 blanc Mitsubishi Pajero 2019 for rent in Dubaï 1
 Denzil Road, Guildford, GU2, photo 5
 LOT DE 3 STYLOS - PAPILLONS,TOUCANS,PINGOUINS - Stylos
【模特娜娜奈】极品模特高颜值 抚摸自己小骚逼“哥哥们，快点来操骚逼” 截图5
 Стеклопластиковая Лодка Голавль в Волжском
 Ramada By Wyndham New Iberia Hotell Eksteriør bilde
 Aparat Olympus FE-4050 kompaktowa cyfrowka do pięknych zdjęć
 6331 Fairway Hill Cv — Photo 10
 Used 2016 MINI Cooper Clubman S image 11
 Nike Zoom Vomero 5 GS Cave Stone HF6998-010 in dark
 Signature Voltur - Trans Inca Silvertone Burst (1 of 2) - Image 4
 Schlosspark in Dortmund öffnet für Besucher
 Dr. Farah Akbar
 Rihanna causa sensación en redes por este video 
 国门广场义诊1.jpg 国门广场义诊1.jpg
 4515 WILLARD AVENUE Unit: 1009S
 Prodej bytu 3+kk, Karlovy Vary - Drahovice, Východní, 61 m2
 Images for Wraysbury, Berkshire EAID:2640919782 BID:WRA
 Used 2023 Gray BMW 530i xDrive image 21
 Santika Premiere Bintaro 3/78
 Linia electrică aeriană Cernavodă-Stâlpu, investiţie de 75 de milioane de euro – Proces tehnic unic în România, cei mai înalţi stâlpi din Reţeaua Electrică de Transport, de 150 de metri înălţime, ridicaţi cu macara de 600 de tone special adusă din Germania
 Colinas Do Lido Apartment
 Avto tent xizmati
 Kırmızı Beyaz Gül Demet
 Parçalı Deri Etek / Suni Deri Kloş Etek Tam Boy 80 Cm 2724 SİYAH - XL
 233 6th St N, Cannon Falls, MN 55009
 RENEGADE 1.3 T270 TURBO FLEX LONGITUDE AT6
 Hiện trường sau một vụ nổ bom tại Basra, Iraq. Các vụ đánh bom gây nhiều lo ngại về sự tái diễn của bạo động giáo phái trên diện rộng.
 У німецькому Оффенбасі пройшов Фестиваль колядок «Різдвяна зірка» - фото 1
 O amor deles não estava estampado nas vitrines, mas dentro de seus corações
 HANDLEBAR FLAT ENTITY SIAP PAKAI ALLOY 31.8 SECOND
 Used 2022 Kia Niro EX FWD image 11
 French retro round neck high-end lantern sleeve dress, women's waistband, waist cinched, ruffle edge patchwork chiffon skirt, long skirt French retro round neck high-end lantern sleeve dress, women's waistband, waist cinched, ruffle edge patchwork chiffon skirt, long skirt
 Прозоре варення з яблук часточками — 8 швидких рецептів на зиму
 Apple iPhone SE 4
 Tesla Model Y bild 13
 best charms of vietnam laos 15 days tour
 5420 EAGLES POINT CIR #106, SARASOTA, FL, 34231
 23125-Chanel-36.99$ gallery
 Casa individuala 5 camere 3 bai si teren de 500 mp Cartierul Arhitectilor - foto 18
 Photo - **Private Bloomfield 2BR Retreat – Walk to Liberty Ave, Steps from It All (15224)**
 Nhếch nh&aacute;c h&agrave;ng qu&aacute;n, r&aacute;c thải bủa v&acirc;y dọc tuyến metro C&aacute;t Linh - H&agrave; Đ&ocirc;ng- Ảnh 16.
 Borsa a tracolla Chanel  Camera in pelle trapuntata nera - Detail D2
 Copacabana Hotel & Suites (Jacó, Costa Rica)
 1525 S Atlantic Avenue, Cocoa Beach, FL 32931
━━━━━━━━━━━━━━━━━━━━━━━━━━━━━━
Exercise –
Which lines in the records above contain the string "Chanel"? Copy them.

Solution below –
 23125-Chanel-36.99$ gallery
 Borsa a tracolla Chanel  Camera in pelle trapuntata nera - Detail D2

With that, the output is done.